A promising new form-stable phase change material (PA/PB) was fabricated using pinecone biochar (PB) as the supporting material of palmitic acid (PA). The biochar of PB with large surface area was produced by forest residue of pinecone, and it was cheap, environment friendly and easy to prepare. The PB was firstly utilized as the supporter of PA and the characterizations of PA/PB were analyzed by the BET, SEM, XRD, DSC, TGA, FT-IR and thermal conductivity tester. The results demonstrated that the PA was physically absorbed by the PB and the crystal structure of the PA was not destroyed. The results of DSC showed that the fusing and crystallization points of the form-stable phase change material with the maximum content of PA (PA/PB-4) were 59.25 °C and 59.13 °C, and its fusing and freezing latent heat were 84.74 kJ/kg and 83.81 kJ/kg, respectively. The results of TGA suggested that the thermal stability of the PA/PB-4 composite was excellent, which could be used for the applications of thermal energy storage. Furthermore, the thermal conductivity of PA/PB-4 was 0.3926 W/(m∙K), which was increased by 43.76% compared with that of the pure PA. Thus, the study results indicated that the PA/PB-4 had great potential for thermal energy storage applications.

Introduction

In recent years, phase change materials (PCMs) have been studied and applied extensively all over the world because of their advanced properties, such as small size change, high latent heat density and sustained phase change temperature1,2,3,4. Moreover, using PCMs can enhance energy utilization of the system5. PCMs are classified into three categories: inorganic PCMs, organic PCMs and eutectic PCMs6. Compared to the other two PCMs, organic PCMs are non-corrosive, and have high thermal stability and large latent heat5,7.

Palmitic acid (PA), as one of the ideal PCMs, has many merits such as little or no supercooling phenomenon, chemical stability, large latent heat and appropriate fusing point8,9. Therefore, a lot of researchers are attracted to investigate its application in many fields, such as smart housing, textiles and temperature-control greenhouse10,11. However, there are two disadvantages about PA that should be overcome. One is that the thermal conversion would be weakened as a result of the low thermal conductivity of the PA. The other is that the leakage usually occurs during the phase change processes12. These drawbacks will limit the practical application of PA13. In order to resolve the above problems, the shape-stabilized PCMs composites were prepared14,15. In the shape-stabilized PCMs composites, the organic PCMs could be encapsulated by some inorganic materials, which have porous structure, large surface area and great thermal stability, such as mesoporous silica, activated carbon, diatomite and so on16,17,18. Han et al. used the mixture of nano-SiO2 and expanded graphite (EG) to encapsulate the paraffin under the high-temperature refining condition. The results showed that the paraffin was absorbed in nano-SiO2 and porous EG very well, and no leakage of melting paraffin was observed from the mixture even at 200 °C for 1 hour19. Sharma et al. used TiO2 nanoparticles as the matrix to fabricate palmitic acid/TiO2 composite, and the results suggested that the thermal conductivity of palmitic acid/TiO2 was increased by 80% than that of the pure palmitic acid when the nanoparticle weight fraction was 5%5. Wen et al. used diatomite as the supporting material to absorb the eutectic PCMs of capric acid and lauric acid. The shape-stabilized PCMs was heated to 80 °C and refrigerated to 15 °C as a whole thermal cycle, and they found that the melting and freezing enthalpy changed slightly after multiple thermal cycles, which indicated that the shape-stabilized PCMs had high thermal reliability20.

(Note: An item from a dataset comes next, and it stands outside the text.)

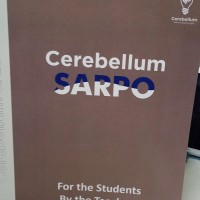 Cerebellum Main Notes SARPO Color 2026 by Cerebellum Cerebellum Main Notes SARPO Color 2026 by Cerebellum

Activated carbon, which is derived from charcoal, has the merits of low density, high specific surface area, wide availability and great chemical stability21. Furthermore, it could hold the PCMs at stable-state and improve the thermal conversion performance22. Therefore, researchers paid much attention to study using activated carbon as the supporting material of PCMs. Chen et al. used activated carbon (AC) as the supporter of lauric acid (LA) to synthesize shape-stabilized material of LA/AC, and they found that lauric acid could be adsorbed into the activated carbon very well and the thermal conductivity of LA/AC was improved obviously compared to the pure LA23. Feng et al. used mesoporous activated carbon to prepare shape-stabilized phase change material of PEG/AC, and the results indicated that the activated carbon played a major role in preventing the leakage of PEG during the phase change process24. Yuan et al. prepared the shape-stabilized PCMs using capric-palmitic-stearic acid (CA-PA-SA) and activated carbon. They found that the heat storage time and heat release time of the shape-stabilized PCMs were reduced by 37% and 67% than that of the CA-PA-SA, which was attributed to the improvement of the thermal conductivity of shape-stabilized PCMs by the addition of activated carbon25.

However, the activated carbon has some shortcomings, such as high cost, difficult to regenerate and unrenewable26. Biochar, which is produced from biomass residues such as forest or agriculture residues27, is cheaper, easy synthesization and renewable28. Additionally, the utilization of biochar can protect environment, because it even could be produced from food wastes29. Furthermore, the biochar also has high surface area and large sorption capacities. Therefore, a mass of studies about biochar fabrication and utilization were carried out in recent years. Wang et al. used loblolly pine wood and citrus wood to prepare biochar, and they found that the surface area of loblolly pine wood biochar (LPB) and citrus wood biochar (CTB) could be as high as 209 m2/g and 182 m2/g, respectively30. Zhang et al. synthesized biochar by pyrolyzing celery-derived to absorb the Pb2+, and the results indicated that the adsorption capacity of Pb2+ by the biochar could be as high as 304 mg/g31. Sewu et al. pyrolyzed rice straw to fabricate the biochar of RS, and they found that the adsorption capacity of RS for cationic dye and crystal violet was higher than that of the activated carbon32. However, up to now, the study reports about utilizing biochar as the supporter of shape-stabilized phase change materials are still rare, and therefore, ongoing efforts are needed to study on the immobilization of organic phase change materials in the biochar.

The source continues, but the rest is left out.